De Blasio will long be remembered for telling New Yorkers that, not only could they not drive a car or ride a bus or subway, or pedal a bicycle to deliver Chinese food, they shouldn't even be on the sidewalks. The Boston mayor said the same, but made it sound more like an order under martial law -- but that's just Boston again. Remember how they ordered all citizens to remain indoors when the cops were looking for the Marathon bombers, who were found, as I recall, cowering in a stored boat in someone's backyard?

De Blasio made several painfully memorableutterances yesterday, and the best one (as the New Yorker magazine pointed out today without being so rude as to make note of 9-11, the Draft Riots, the Triangle Shirtwaist fire or the Giuliani Administration) was: "prepare for something worse than we have seen before,"

Even today, under fire for overreacting yesterday, de Blasio seems to be continuing with the overly dramatic language. "We dodged a bullet," he said.

"Sweety, get me rewrite!"
Of course the media were crucial players in the Chicken Little Derby yesterday. Reading and watching from a continent away, I was amazed at the high degree of excitement in media accounts. The media fanned the official overreactions, tripping over themselves not only to dramatize a weather forecast but to do so with endless updated bulletins, each more urgent that the previous, all characterized by overly dramatic language including, in several online accounts I saw yesterday, the use of the word "tragic" to describe the likely effects of this forecast storm.

City halls and the state houses are probably hopeless, and the National Weather Service, where I believe the origin of the word usage "historic" will be found from yesterday, seems to have been a basic part of the problem. Still, I do hope someone starts looking more closely at the propensity of government officials who anticipate a crisis by invoking various measures of what can accurately be called martial law, like ordering citizens to "shelter in place." We're probably going to want to have some checks and balances on those martial impulses, the next time there is a genuine civil crisis to deal with.

The apologists are at work today, pointing out that it did in fact snow hard east of the New York area and, of course, in Boston -- where a routine big snowstorm didn't used to be treated as the end of the world.

I think the essential problem was the alarming language used yesterday in this endless incremental news-updating,  the incessant lunges for immediate attention that the online world has created, and which will never be un-created, So as we assimilate these realities, let's hope the better elements of the media reflect on this poor performance, The bright rookie "web design" whiz-kids constantly updating online news reports to incessantly grab attention definitely do know one big thing, but the reporters and editors who have been around the track a few times know a lot of little things. The two should talk more often.

(And just as a side note: When an editor describes a rookie's reporting on breaking news as "breathless," that is not meant as a compliment about the reporter's enthusiasm.)
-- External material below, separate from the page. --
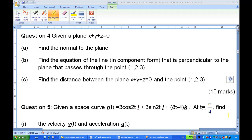Hi, for this recording I will show you how to find a solution of 2009 semester 2 MST question 4a. Given a plane x plus y plus z equals 0, find the normal to the plane.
The New Yorker online today reliably has a sensibly humorous take in a piece by Colin Stokes. [Here.] Among the suggestions for city dwellers "braced" for winter's worst: "Wear ice skates all the time." Also, "When the blizzard doesn't actually happen, take the day off work."

But let me offer some serious media post-mortem suggestions, for starters:

1. Let's definitely avoid using the word "historic" when there is no actual "history" to report yet.

2. Other words to avoid in weather-forecast advance reporting: Barrel ... Fury, usually accompanied by "unleashed" .. Bear down. ... That list is longer, but you get the drift. (So to speak, since the subject is snow).

And be wary of  anyone today who says "Better safe than sorry." That excuse is posted at the trailhead of a long, slippery slope, even if there is no snow underfoot to speak of.